The other one happened 10 years ago, when a bizarre chain of events led to me writing the copy for a beer menu for a national pub chain. About a month later I was in one of their pubs with a group of friends. They spent ages reading about all these different beers and none of them had a clue I was responsible, so it was a rare chance to see how people genuinely react to your copy.
What piece of copy do you really wish you’d written?
Jim Nelson’s Harley-Davidson stuff is great. Under a photo of a bike surging into an American landscape is the line: “Somewhere on an airplane a man is trying to rip open a small bag of peanuts.”

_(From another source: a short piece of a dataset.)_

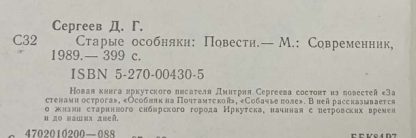 Аннотация к книге "Старые особняки"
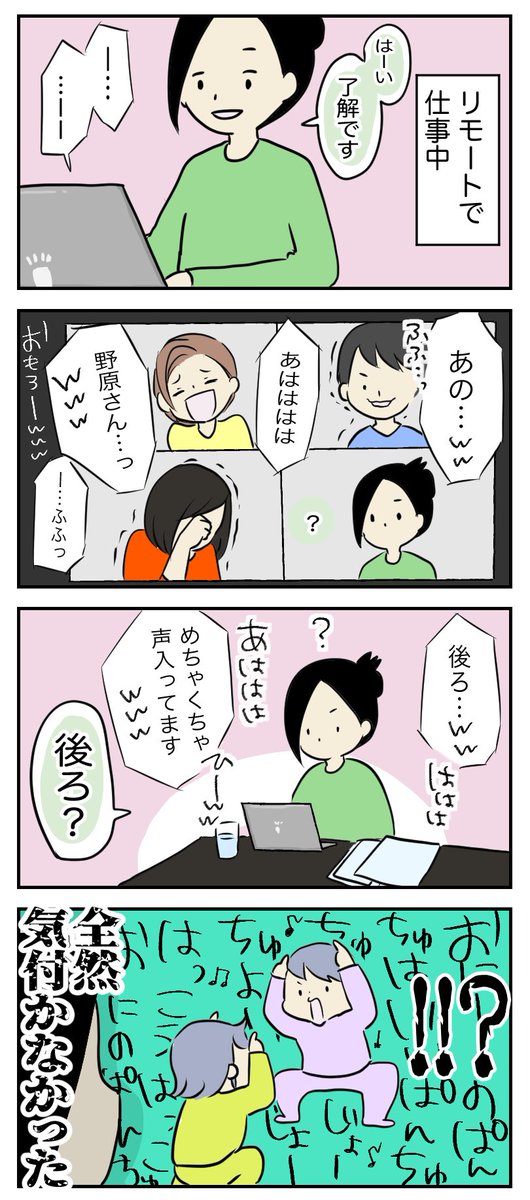 日常音って日常だから意識するまで自分にとっては無音だよねって話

The other, David Ogilvy’s Rolls-Royce headline, is so famous it’s almost a cliché to pick it: “At 60 miles an hour, the loudest noise in this new Rolls-Royce comes from the electric clock.” Genius.
What do you do if you hit a bit of writer’s block?
Let the deadline get a little closer: it’s amazing how pressure brings clarity. Maybe that’s an old journalism habit, but it definitely works.
What are your favourite and least favourite writing-related tasks?
Favourite? Getting near the end of a job you originally thought was impossible, but which suddenly transforms into a coherent, effective piece of copy – with a bit of rhythm and style, too.
Pressing ‘send’ on the first draft of a first job for a new client always brings a brief feeling of imposter syndrome.
Any copywriting pet hates?
Integrated. Strategic. Thinking assist or utilise are better than help or use. Copy designed to show the author’s intellect, but which gives no thought to the reader, their situation or their concerns.
I love this quote from Drayton Bird: “Good writing is unselfish. Good writing means you don’t make things hard for your reader. Your reader should have to do as little work as possible… you do the work for your reader.” It should be displayed in every boardroom.
What’s the best piece of career advice you’ve been given?
“Don’t marry a wimp.” When you’re self-employed or working in a small business, and doing something that doesn’t fit in a traditional corporate career, you’ll inevitably have moments of doubt. Having a partner who knows why you’re doing it, and buys into your ambitions, is invaluable.
What advice would you give to people starting out on a copywriting career?
There are the usual things like reading everything you can, writing every day and paying attention to the world around you.
But the biggest thing would be to try to find a mentor. I had a few great mentors in journalism and it helped my career enormously. I didn’t find one in copywriting for a long time, and it’s difficult bouncing around on your own trying to forge a career when you’ve got nobody to lean on for advice or support. Becoming a full-time copywriter took me longer than I’d have liked, and not having a mentor was a big part of that.
What’s your favourite thing about being a copywriter?
Every new job is a chance to better your best work so far.